Border peace central to India-China relations

BEIJING: Ichina-border-talksndia and China have ended a crucial meeting of a joint border mechanism by reinforcing the primacy of peace on their disputed frontier as a prerequisite for fostering bilateral relations

“Both sides agreed that the maintenance of peace and tranquility on the border was an important guarantor for the further development of bilateral relations,” said a joint statement after the 6th Meeting of the Working Mechanism for Consultation and Coordination on India-China Border Affairs. The meeting was held in Beijing April 28-29 between the Indian delegation was led by Mr Gautam Bambawale, Joint Secretary (East Asia) in the Ministry of External Affairs and the Chinese delegation led by Mr. Ouyang Yujing, Director General, Department of Boundary and Oceanic Affairs.

The timing of the meeting of the border mechanism in the middle of election frenzy in India underscored the centrality of maintaining peace on the frontier and minimising incursions by troops into each other’s territory that tend to vitiate the atmosphere between  the Asian powers.

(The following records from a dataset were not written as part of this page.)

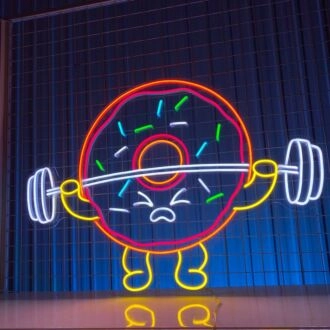 Enhance Your Bakery, Home, or Gym Ambiance with the Donut And Dumbbell Led Neon Sign - Perfect for Parties and Thematic Decor.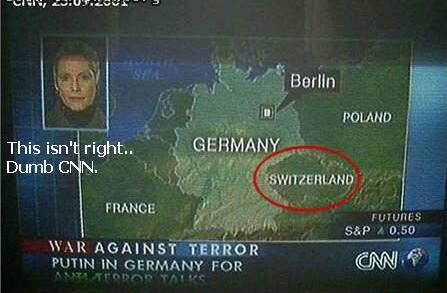 Voici de quoi décrédibiliser un peu plus les américains : Voyez où ils ont placé la Suisse... Ils l'ont mis dans le bon continent, c'est déjà ça... height=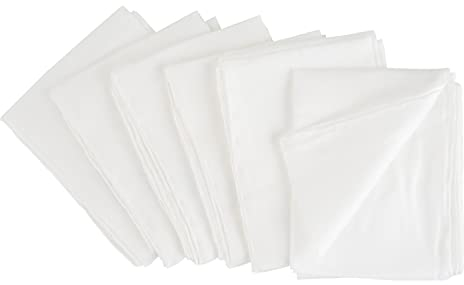6er-Set Seidentücher, 100% Seide, ca. 140 x 45 cm, Pongé 05, 1. Wahl, naturweiß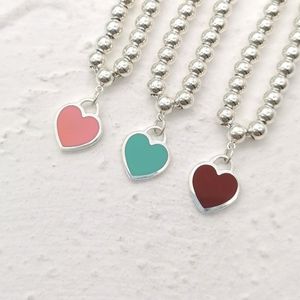패션 구슬 목걸이 복귀 하트 태그 시리즈 보석 디자이너 Bie Pink Red Necklace for Women Party Jewellery Valentine 's Day 선물 상자 60714800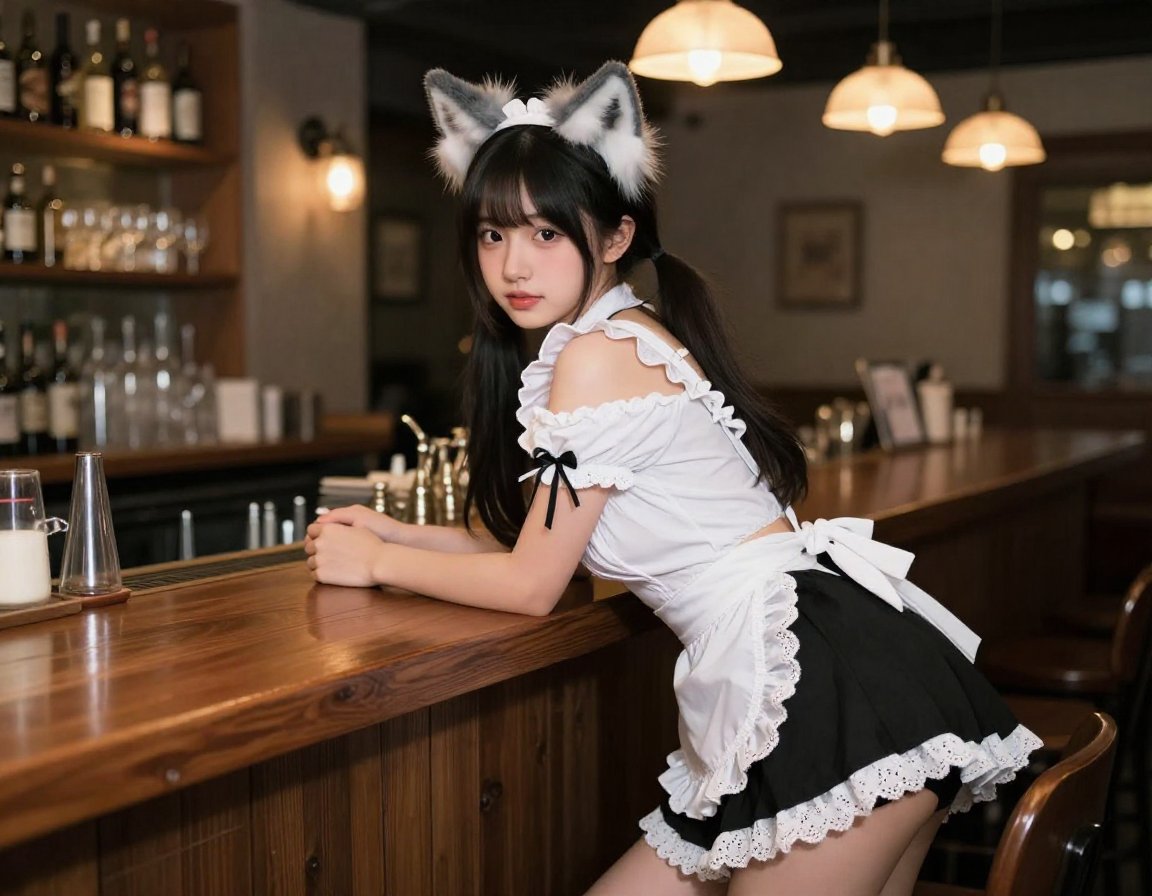 Cozy Maid Café Portrait with CCTV Aesthetic 3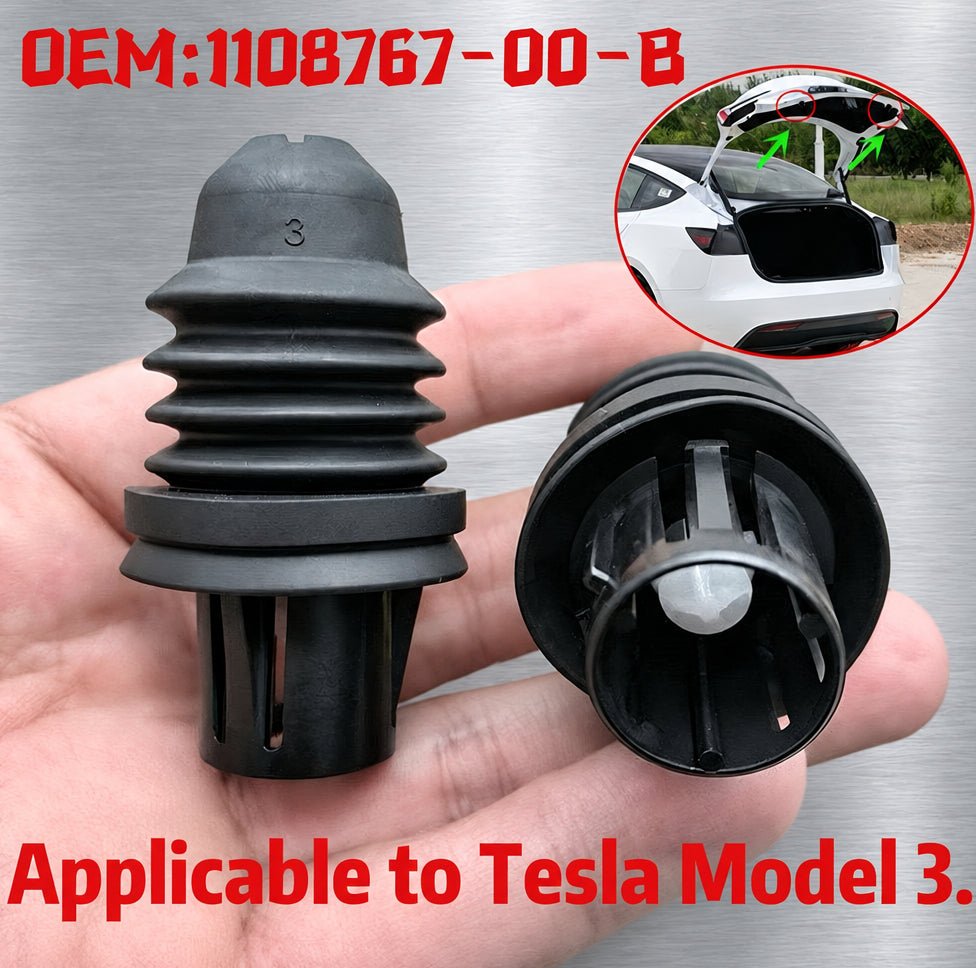 Tesla Model 3 kofferbakbufferblokken links en rechts, veer- en schokabsorberende rubberen bumpers voor de kofferbakdeksel, OEM-onderdeelnummer 110876700B. Te koop in Ierland en Europa. Teslary.eu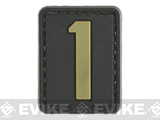 Evike.com PVC Hook and Loop Letters & Numbers Patch Black/Tan (Number: 1)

The meeting has reinforced an emerging template for developing bilateral relations – keeping border peace and economic relations going while keeping intractable issues like the boundary dispute for long-haul negotiations. This template has acquired an added salience after the Chinese incursions into the Indian territory a year ago sorely tested bilateral ties and exacerbated the trust deficit between the two Asian giants who are looking to move beyond the overhang of their 1962 war to forge multi-faceted pragmatic cooperation.

A landmark Border Defence Cooperation Agreement, which cohered the existing cross-border confidence-building measures and added some new CBMs, was signed during India’s Prime Minister Manmohan Singh’s trip to Beijing in October last year.

Besides procedures outlined in the BDCA, China has proposed a code conduct for the troops patrolling the border, which is being actively perused by New Delhi.

Given massive outrage in India that followed the Chinese incursions last year , China’s top leadership has also prioritised forging a multi-layered mechanism so that such incidents are not repeated.

“Both China and India attach great importance to maintaining peace and tranquillity at the border areas,” China’s Foreign Ministry spokesman Qin Gang said in Beijing.

“Over recent years in accordance with the bilateral relations as well as the actual conditions at the border areas, we have taken positive steps in safeguarding tranquillity and peace in the border areas and we have reached series of agreements including the agreement on border defence cooperation,” he said.

“All this has played a very important role in promoting our mutual trust as well as stability in border areas,” he said.